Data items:

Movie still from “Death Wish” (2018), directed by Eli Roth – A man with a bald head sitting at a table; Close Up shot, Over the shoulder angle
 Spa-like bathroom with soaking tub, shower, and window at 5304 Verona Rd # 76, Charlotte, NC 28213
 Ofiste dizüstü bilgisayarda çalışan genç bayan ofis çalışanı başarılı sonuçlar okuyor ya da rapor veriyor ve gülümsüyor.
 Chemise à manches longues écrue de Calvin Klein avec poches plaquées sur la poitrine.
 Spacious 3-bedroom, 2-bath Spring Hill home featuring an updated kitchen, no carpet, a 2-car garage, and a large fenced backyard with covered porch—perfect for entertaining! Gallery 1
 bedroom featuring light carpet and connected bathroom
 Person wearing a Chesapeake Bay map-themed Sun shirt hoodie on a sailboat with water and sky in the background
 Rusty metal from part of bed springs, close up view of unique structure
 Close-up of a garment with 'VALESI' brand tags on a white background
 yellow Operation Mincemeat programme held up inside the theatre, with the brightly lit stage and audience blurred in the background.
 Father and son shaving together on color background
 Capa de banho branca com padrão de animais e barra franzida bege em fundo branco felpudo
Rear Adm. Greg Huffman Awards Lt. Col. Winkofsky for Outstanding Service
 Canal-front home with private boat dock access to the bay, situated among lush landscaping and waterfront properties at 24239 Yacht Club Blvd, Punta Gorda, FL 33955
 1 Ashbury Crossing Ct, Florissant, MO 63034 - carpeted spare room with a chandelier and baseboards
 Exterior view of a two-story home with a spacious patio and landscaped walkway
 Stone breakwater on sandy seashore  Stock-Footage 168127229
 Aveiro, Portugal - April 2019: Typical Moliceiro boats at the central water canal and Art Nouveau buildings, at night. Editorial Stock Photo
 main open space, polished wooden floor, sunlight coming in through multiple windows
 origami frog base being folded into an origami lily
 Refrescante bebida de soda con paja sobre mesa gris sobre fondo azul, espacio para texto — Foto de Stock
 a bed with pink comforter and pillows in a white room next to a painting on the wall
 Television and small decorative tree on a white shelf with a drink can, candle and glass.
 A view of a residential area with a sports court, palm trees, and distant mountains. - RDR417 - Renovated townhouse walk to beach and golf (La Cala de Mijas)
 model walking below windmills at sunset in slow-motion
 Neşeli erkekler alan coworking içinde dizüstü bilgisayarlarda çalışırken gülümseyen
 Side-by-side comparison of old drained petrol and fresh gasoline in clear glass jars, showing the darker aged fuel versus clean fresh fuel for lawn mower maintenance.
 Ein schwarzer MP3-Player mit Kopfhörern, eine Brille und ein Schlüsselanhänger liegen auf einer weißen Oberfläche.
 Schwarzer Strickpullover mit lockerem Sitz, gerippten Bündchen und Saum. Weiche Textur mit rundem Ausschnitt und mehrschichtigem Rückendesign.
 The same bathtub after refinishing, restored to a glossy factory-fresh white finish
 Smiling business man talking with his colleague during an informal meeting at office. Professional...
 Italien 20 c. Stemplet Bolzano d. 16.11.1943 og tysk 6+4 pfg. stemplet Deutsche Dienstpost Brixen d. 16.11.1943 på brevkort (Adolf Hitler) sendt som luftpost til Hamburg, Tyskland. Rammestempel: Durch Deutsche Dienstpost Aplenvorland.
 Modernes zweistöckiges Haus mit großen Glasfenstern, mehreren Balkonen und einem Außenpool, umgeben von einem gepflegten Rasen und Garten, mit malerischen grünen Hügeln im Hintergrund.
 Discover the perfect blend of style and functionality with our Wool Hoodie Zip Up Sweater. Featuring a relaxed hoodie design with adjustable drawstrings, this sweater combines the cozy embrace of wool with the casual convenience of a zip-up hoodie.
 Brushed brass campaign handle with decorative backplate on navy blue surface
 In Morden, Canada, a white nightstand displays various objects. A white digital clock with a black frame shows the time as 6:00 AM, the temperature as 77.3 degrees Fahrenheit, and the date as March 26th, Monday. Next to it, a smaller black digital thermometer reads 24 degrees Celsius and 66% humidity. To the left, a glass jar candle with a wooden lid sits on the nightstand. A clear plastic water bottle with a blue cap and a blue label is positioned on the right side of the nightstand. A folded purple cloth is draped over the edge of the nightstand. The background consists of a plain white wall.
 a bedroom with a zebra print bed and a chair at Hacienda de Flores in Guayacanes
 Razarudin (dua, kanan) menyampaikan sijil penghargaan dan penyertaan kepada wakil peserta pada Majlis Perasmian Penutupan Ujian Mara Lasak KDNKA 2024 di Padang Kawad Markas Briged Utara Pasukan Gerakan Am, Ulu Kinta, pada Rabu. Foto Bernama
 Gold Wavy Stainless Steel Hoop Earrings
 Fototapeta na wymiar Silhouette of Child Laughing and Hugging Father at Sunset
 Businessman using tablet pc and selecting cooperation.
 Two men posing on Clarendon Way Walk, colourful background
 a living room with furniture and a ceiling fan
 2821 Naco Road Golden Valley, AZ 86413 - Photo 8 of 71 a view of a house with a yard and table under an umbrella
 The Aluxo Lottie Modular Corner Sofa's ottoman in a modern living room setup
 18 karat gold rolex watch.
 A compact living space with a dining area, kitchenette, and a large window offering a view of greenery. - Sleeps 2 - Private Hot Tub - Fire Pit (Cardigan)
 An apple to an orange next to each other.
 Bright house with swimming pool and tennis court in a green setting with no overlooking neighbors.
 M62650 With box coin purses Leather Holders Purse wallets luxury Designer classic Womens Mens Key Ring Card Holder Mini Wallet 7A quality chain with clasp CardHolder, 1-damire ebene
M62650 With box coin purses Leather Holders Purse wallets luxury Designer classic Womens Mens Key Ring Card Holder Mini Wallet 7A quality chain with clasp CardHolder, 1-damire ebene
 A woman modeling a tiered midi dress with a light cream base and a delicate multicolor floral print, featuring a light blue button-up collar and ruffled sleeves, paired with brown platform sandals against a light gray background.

◆ **HOW TO COMPLETE THIS TASK**: Give back the lines of the data exactly as they are written, from the first line through the line containing "Chemise à manches".

◆ **ANSWER SECTION**:
Movie still from “Death Wish” (2018), directed by Eli Roth – A man with a bald head sitting at a table; Close Up shot, Over the shoulder angle
 Spa-like bathroom with soaking tub, shower, and window at 5304 Verona Rd # 76, Charlotte, NC 28213
 Ofiste dizüstü bilgisayarda çalışan genç bayan ofis çalışanı başarılı sonuçlar okuyor ya da rapor veriyor ve gülümsüyor.
 Chemise à manches longues écrue de Calvin Klein avec poches plaquées sur la poitrine.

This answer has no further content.